Relocating opam.ci.ocaml.org and ocaml.ci.dev
About six months ago, opam-repo-ci
(opam.ci.ocaml.org) suffered from a lack of system memory (issue 220) which caused it to be moved to the machine hosting ocaml-ci
(ocaml.ci.dev).
Subsequently, that machine suffered from BTRFS volume corruption (issue 51). Therefore, we moved both services to a larger new server. The data was efficiently migrated using BTRFS tools: btrfs send | btrfs receive
.
Since the move, we have seen issues with BTRFS metadata. Plus, we have suffered from a build-up of subvolumes, as reported by other users: Docker gradually exhausts disk space on BTRFS.

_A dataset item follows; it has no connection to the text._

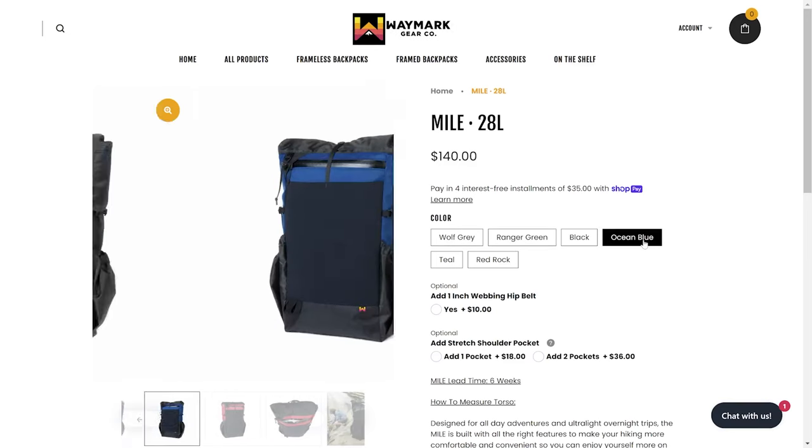Bonus: it's available in a slew of colors — this one, by the way, is the Red Rock. And to take the pain out of buying a pack online, you have 14 days to try it on, load it with your gear, and ensure it fits after the pack is shipped. If it doesn't, Waymark will let you return the pack and exchange it for a different size, which is really beneficial when ordering online from small brands when you can't try packs on in-store.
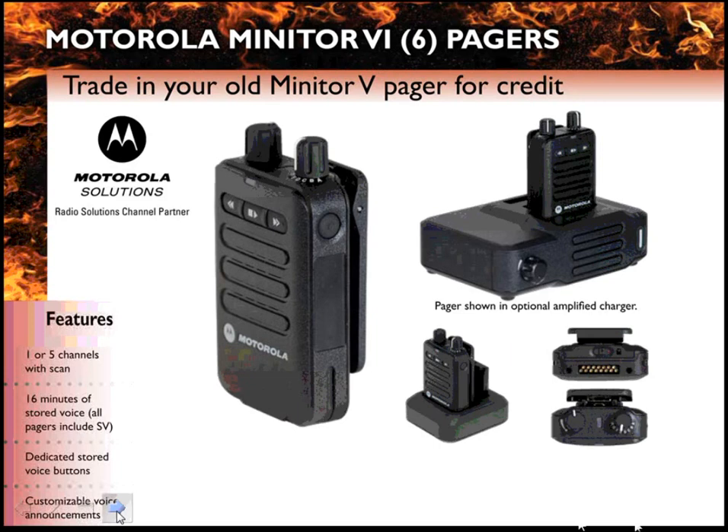When you order a Minitor 6, it will come with a charger and a battery. There is an optional amplified charger available in place of the standard charger should you want that.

Unfortunately, both services went down on Friday evening (issue 85). Analysis showed over 500 BTRFS subvolumes, a shortage of metadata space, and insufficient space to perform a BTRFS rebalance.
Returning to the original configuration of splitting the ci.dev
and OCaml.org services, they have been moved onto new and separate hardware. The underlying filesystem is now a RAID1-backed ext4, formatted with -i 8192
in order to ensure the availability of sufficient inodes. Docker uses Overlayfs. RSYNC was used to copy the databases and logs from the old server. This change should add resilience and has doubled the capacity for storing history logs.